Awaria Zintegrowanej Jednostki Kontroli Ładowania w 145 000 pojazdów marki Hyundai.
Koreański producent aut, Hyundai informuje o potencjalnej awarii ponad 145 000 pojazdów elektrycznych.
Po raz drugi w tym roku Hyundai Motors ogłasza „wycofanie” 145 235 pojazdów elektrycznych i innych „zelektryfikowanych” pojazdów w USA. Powołując się na obawy dotyczące utraty mocy napędowej, poinformowała w piątek Narodowa Administracja Bezpieczeństwa Ruchu Drogowego (NHTSA). NHTSA ogłosiła, że informacja dotyczy wybranych modeli całej grupy, jak IONIQ 5 i IONIQ 6 EV. Ale również niektórych luksusowych modeli Genesis, w tym w pełni elektrycznych wariantów GV60, GV70 i G80 z lat modelowych 2022-2025.

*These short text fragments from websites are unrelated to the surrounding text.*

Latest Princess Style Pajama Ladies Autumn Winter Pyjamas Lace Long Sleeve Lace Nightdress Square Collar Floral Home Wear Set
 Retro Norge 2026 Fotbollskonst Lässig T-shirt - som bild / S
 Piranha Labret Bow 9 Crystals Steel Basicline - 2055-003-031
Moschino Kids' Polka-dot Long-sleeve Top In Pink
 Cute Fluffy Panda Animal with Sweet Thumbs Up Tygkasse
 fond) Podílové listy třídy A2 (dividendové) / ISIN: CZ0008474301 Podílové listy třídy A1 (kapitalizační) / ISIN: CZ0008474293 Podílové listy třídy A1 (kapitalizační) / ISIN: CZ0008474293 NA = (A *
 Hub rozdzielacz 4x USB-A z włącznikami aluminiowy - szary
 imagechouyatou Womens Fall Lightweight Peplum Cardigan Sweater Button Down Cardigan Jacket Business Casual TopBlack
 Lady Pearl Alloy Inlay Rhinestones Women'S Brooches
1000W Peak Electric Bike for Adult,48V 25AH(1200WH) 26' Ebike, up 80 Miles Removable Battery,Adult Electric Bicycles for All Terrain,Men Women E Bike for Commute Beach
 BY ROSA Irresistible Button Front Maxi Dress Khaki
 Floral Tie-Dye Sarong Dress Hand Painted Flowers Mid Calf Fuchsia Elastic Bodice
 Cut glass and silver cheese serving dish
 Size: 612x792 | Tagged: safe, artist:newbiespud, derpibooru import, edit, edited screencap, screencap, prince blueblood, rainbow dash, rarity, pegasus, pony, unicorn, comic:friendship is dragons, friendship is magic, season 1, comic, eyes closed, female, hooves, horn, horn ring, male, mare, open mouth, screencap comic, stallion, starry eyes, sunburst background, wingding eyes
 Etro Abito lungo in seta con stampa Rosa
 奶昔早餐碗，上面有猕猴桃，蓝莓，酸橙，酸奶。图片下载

Potencjalna awaria może być dość groźna
Wygląda na to, że problem wynika z możliwości awarii „zintegrowanych jednostek sterujących ładowaniem”. W pojazdach, które mogą ulec uszkodzeniu i nie naładować akumulatora 12 V. Ta awaria może doprowadzić do całkowitej utraty mocy napędowej, stwarzając zagrożenie dla bezpieczeństwa kierowców”, stwierdził NHTSA.
W marcu Hyundai, Kia i Genesis ogłosiły podobną potencjalną „awarię” 147 110 pojazdów elektrycznych. Przy czym wezwanie dotyczyło, ponownie, uszkodzonych zintegrowanych jednostek sterujących ładowaniem, które nie ładowały akumulatora. Właściciele modeli Hyundai z lat 2022-2025, powinni zainteresować się tematem. Hyundai nie podał jeszcze harmonogramu naprawy pojazdów, których to dotyczy.
Firma naprawi auta w ramach akcji serwisowej
Dealerzy firmy przeprowadzą kontrolę i wymianę ładowarki oraz bezpiecznika. Operacja jest darmowa i obejmuje także aktualizację oprogramowania. Co ważne, Hyundai poinformował, że w USA nie odnotowano żadnych wypadków, obrażeń, ofiar śmiertelnych ani pożarów spowodowanych tym problemem.
Wszystko to prawda
Niedawno zetknąłem się z tym problemem. Hyundai IONIQ5 z 2024 roku nie ładował akumulatora 12V. Podczas jazdy od prędkości 80 km, auto powoli zwalniało i ograniczało moc. Samochód zwolnił do 60 km/h, jakieś 5 minut później do 40 km/h, po czym do 27 km/h.
Nie wyszykowałem dalszej jazdy i wezwałem pomoc drogową. Skończyło się na wymianie wspomnianego wyżej modułu o nazwie ICCU – Zintegrowana Jednostka Kontroli Ładowania. Po tym zabiegu, jak na razie auto działa i jeździ poprawnie i nic złego się nie dzieje. Miejmy nadzieję, że tak już zostanie.
Na zdjęciu Hyundai IONIQ5 który woził nas jako auto zastępcze, podczas wymiany modułu ICCU.